Le Chevalier de Saint-Georges
L’Amant anonyme – Overture
Cello Concerto in C
Symphony No.9 in E minor, Op.95 (From the New World)
Sheku Kanneh-Mason (cello)
Kevin John Edusei
Reviewed by: Antony Hodgson
Reviewed: 4 September, 2016
Venue: Southbank Centre, London – Royal Festival Hall
Chineke! is a flourishing organisation created by Chi-chi Nwanoku, principal double bass of the Orchestra of the Age of Enlightenment and a professor at the Royal Academy of Music. There is also an associated junior orchestra (ages 11 to 18). The principle is to provide “career opportunities to young BME classical musicians in the UK and Europe.”
To open this concert with Sibelius’s nationalistic Finlandia was an excellent idea but this was not Finlandia as we know it because the hymn-like melody was given an English text sung by a sixty-strong choir distributed within the aisles of the auditorium. This was a splendid way initially to display the quality of the orchestra, especially the brass, and heard from amid the extremely powerful soprano section of the chorus it was a most unusual and very exciting experience.
Le Chevalier de Saint-Georges (1745-1799) was born in Guadeloupe, son of the wealthy French planter George Bologne de Saint-Georges and his slave Nanon. He was educated in France and became immensely famous as a master swordsman; he also became an officer of the King’s Bodyguard. He became director of Gossec’s great orchestra Le Concert des Amateurs and his skill as a violinist was regarded as being on a par with his remarkable fencing abilities.
The Overture to his opera L’Amant anonyme is in effect a brief three-movement Symphony and is scored in much the same way as an early Haydn Symphony with oboes, horns and strings. Kevin John Edusei is clearly aware of ‘period’ style because, as also in the Cello Concerto that followed, he employed harpsichord and bassoon continuo. The Overture is a delightful work; it was performed elegantly featuring some ideally smooth phrasing from the strings in the slow section.
Eighteenth-century style was also evident an outstanding reading of the Haydn. Sheku Kanneh-Mason combined lightness of touch with astounding precision. Every note, even when a passage was both quiet and rapid, was audible. This gentle reading had no over-emphasis and the orchestra subtly yielded to the solo line whenever possible. The Adagio, was given an unhurried and exceptionally beautiful reading, and the Finale, while retaining the same elegance, was played at its essential speed: very fast. Here the soloist’s accuracy was remarkable. This was an exceptional performance – a pity about the flow being interrupted by applause between movements (as would also happen in the Symphony) but the standing ovation at the end was richly deserved.

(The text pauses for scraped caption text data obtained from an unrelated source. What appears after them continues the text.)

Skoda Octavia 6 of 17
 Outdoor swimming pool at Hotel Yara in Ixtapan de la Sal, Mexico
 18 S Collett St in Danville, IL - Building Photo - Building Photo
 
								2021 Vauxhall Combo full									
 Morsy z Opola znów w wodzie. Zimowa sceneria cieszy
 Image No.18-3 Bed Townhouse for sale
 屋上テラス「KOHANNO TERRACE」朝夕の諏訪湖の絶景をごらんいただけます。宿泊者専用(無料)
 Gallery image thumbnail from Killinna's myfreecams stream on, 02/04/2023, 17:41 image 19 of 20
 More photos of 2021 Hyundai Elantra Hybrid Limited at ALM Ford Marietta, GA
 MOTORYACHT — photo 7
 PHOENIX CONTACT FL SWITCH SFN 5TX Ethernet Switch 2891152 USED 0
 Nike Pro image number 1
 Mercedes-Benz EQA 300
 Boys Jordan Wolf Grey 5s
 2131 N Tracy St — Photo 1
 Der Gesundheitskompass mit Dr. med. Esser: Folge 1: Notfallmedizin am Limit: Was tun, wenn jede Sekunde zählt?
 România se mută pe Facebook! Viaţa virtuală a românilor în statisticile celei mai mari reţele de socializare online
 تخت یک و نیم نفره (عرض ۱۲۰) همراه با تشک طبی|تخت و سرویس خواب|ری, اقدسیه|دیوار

As an encore Kanneh-Mason provided his own arrangement of Ernest Bloch’s Abodah (1929), originally for violin and piano. Its elegiac nature did not exactly suit the feeling of elation engendered by the Haydn but it was interesting to encounter another aspect of the skills of this 17-year-old artist who recently won BBC Young Musician of the Year.
Edusei must surely have rehearsed Dvořák’s ‘New World’ Symphony with the utmost thoroughness and Chineke! responded to every indication given through his exceptionally clear technique. There was little evidence that this was anything other than a top professional orchestra although its members do not have the advantage of constantly performing together.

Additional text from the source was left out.